The common currency Euro slipped off the recently struck 2½ year peak versus the US Dollar on the outcome of today’s Eurozone inflation data. Despite today’s price, the Euro’s rise is largely due to the market’s increasing belief that the European Central Bank will gradually unwind their Quantitative Easing policy while at the same time the ECB’s counterparts in the US seem to be taking on a decidedly dovish stance. That can be evidenced from the latest meeting minutes of the Fed’s July policy meeting; in the minutes, some Fed members suggested that the proposed 2017 interest rate increases should be postponed until it became apparent that the softening inflationary trend was, indeed, fleeting and transitory.
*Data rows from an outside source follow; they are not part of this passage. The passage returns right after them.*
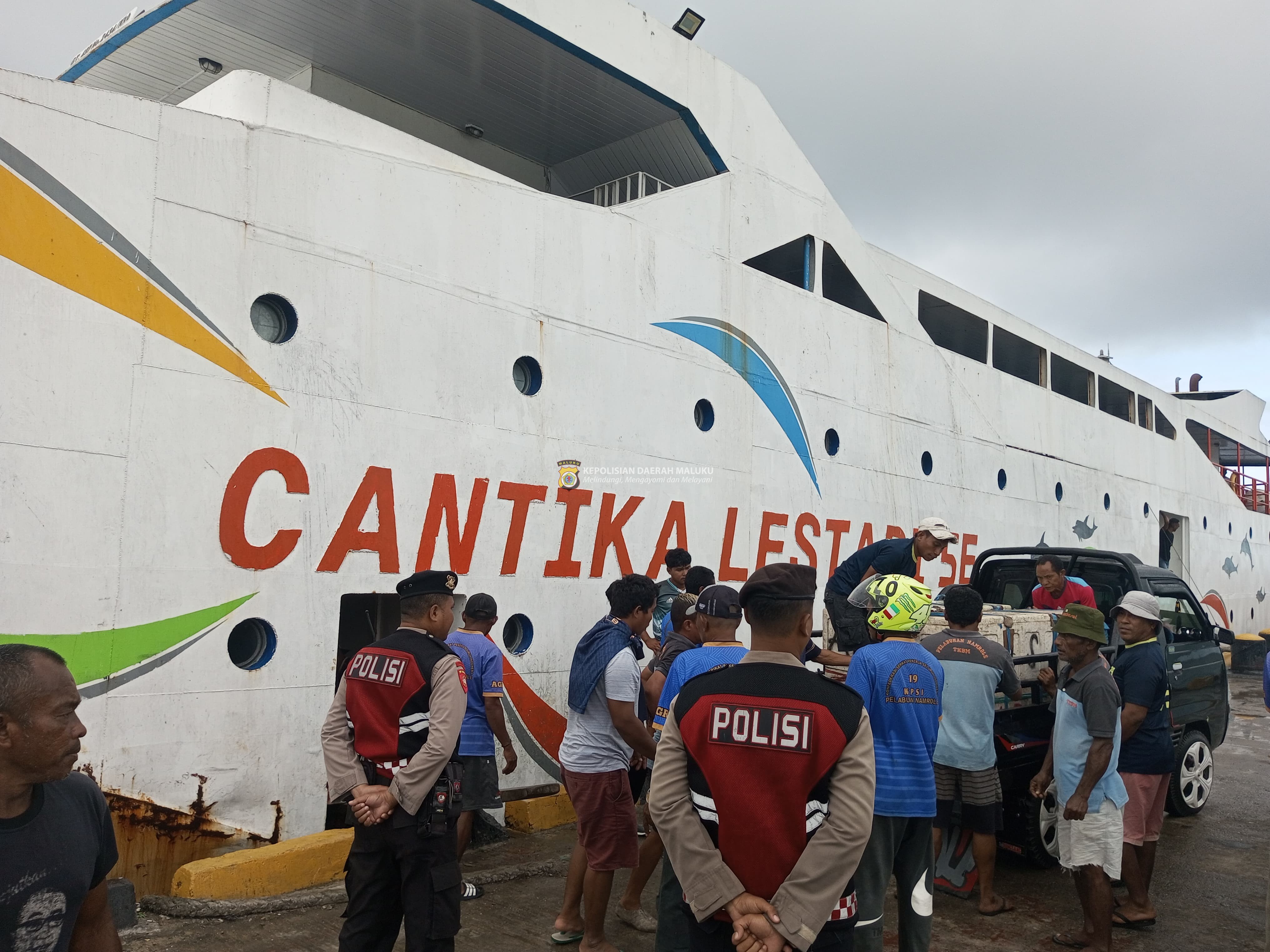 KP3 Laut Amankan Sandar Kapal Di Pelabuhan Namrole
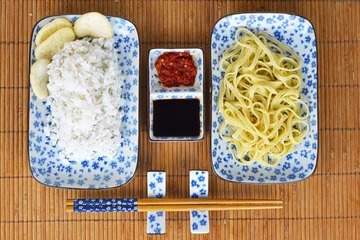 Tischdecke Aziatisch eten met wit blauw servies © trinetuzun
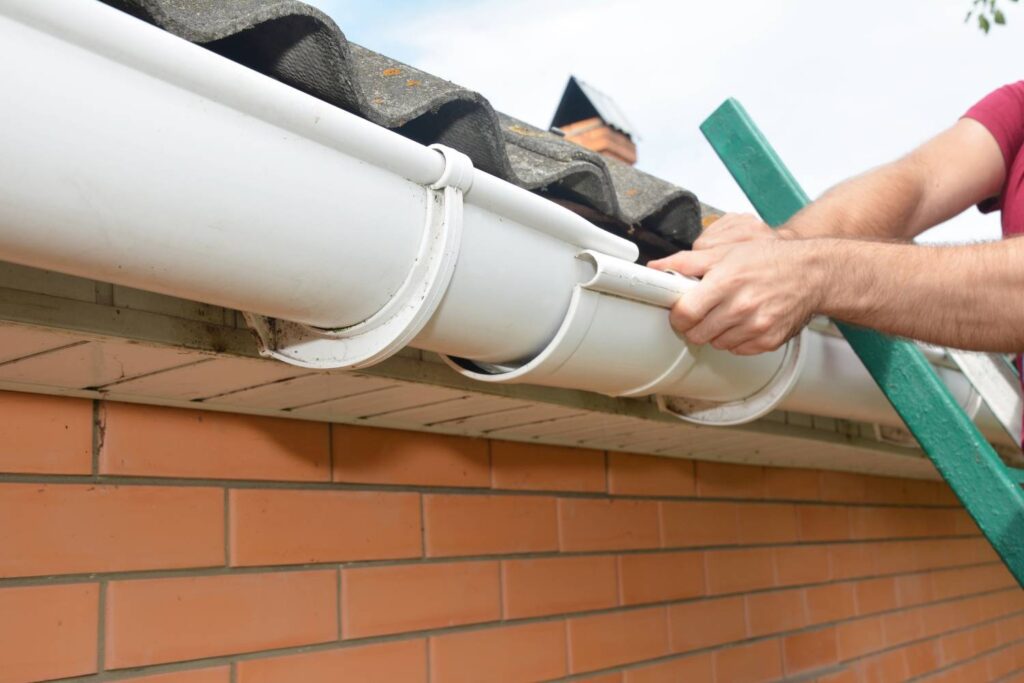 what is the average cost of guttering installation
As reported at 11:26 am (BST) in London, the EUR/USD was trading at $1.1705, down 0.57%; the pair had earlier hit a session peak of $1.17908 while the low for the trading session stands at $1.16945. The EUR/GBP is down 0.34% to trade at 0.9102 Pence; the pair has ranged from a low of 0.90838 Pence to a peak of 0.91365 Pence.
CPI Data Mixed
Earlier today, Eurostat released July’s inflation figures for the Eurozone. On the whole, the data come in as expected CPI for July at 1.3%, year-over-year, and -0.5%, month-over-month. Core CPI, year-over-year, was higher at 1.3% than the 1.2% forecast, while on a month-over-month basis, core CPI missed analysts’ forecasts of a decline to -0.5% by hitting -0.6%, well off June’s 0.2%. Core CPI strips out volatile components such as food and energy.